Leap Nonprofit AI Hub

Efficient Sharding and Data Loading for Petabyte-Scale LLM Datasets

Efficient Sharding and Data Loading for Petabyte-Scale LLM Datasets Feb, 16 2026

Training a large language model on a petabyte of data isn’t just a matter of throwing more GPUs at the problem. If you try to load all that data into memory at once, your system will crash before the first batch finishes. The real challenge isn’t storage-it’s data flow. How do you get data from a cloud bucket to a GPU, fast enough to keep it busy? How do you split it so no single node gets overloaded? And how do you shuffle it so the model doesn’t memorize patterns from the order it sees data? This is where sharding and smart data loading become the backbone of scalable LLM training.

Why Sharding Isn’t Optional Anymore

Imagine you’re training a model with 70 billion parameters. Each parameter is stored as a 32-bit float-that’s about 280 GB just for the weights. But training isn’t inference. During training, you also need to store gradients and optimizer states. That triples the memory footprint. So now you’re looking at nearly 1 TB of memory per GPU. Even the most powerful GPU on the market today can’t hold that. Enter sharding.

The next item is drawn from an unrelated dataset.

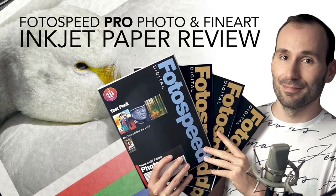Hey guys, welcome back to my channel. In today's video I'm going to review for you and show you the photographic and fine art inkjet papers by Photospeed. If you print photos or art on an inkjet printer, then you should really check out these photo papers.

Sharding breaks the model’s data-parameters, gradients, and optimizer states-into smaller pieces and spreads them across multiple GPUs. Each GPU handles only a fraction. This isn’t just about memory. It’s about enabling training at all. Without sharding, models larger than a few billion parameters simply can’t be trained on existing hardware.

The scaling factor is brutal: memory needed ≈ 3 to 5 times the model size. Half-precision formats (bfloat16) cut that in half, but even then, models like DeepSeek-R1-671B still demand more than any single machine can offer. Sharding makes it possible.

How Sharding Works in Practice

Sharding isn’t one technique-it’s a family of strategies. The two most common are sharded data parallelism and tensor parallelism, and they’re often used together.

In sharded data parallelism, each GPU gets a different shard of the optimizer state and model parameters. Gradients are computed locally, then synced across shards. This reduces memory per GPU without sacrificing the benefits of data parallelism. For example, training a GPT-NeoX-65B model on 64 ml.p4d.24xlarge instances uses degree-2 sharded data parallelism. That means the model is split across two GPUs per node, cutting memory pressure in half.

Tensor parallelism takes it further. Instead of splitting the whole model across nodes, it splits individual layers across multiple GPUs. A single attention layer might be split across 64 GPUs. This is essential when you’re working with long sequences-say, 512 tokens per sample-because each sequence requires a lot of intermediate activations that eat up memory.

The most powerful setups combine both. A cluster of 1,536 GPUs (192 nodes, 8 GPUs each) might use 32-way sharded data parallelism and 64-way tensor parallelism. That means each shard handles 1/32 of the optimizer state, and each tensor layer is split across 64 GPUs. The result? A global batch size of 768, with each batch containing 3 million tokens. That’s the kind of scale needed to train state-of-the-art models.

Where the Data Lives: Storage Architecture

You can’t train on data that’s stuck in a cloud bucket. You need to move it fast. That’s why petabyte-scale training pipelines use a tiered storage approach.

At the bottom, you have object storage: AWS S3, Google Cloud Storage, or Azure Blob. These are cheap, durable, and can hold petabytes. But they’re slow to read from-especially when thousands of GPUs are asking for data at once.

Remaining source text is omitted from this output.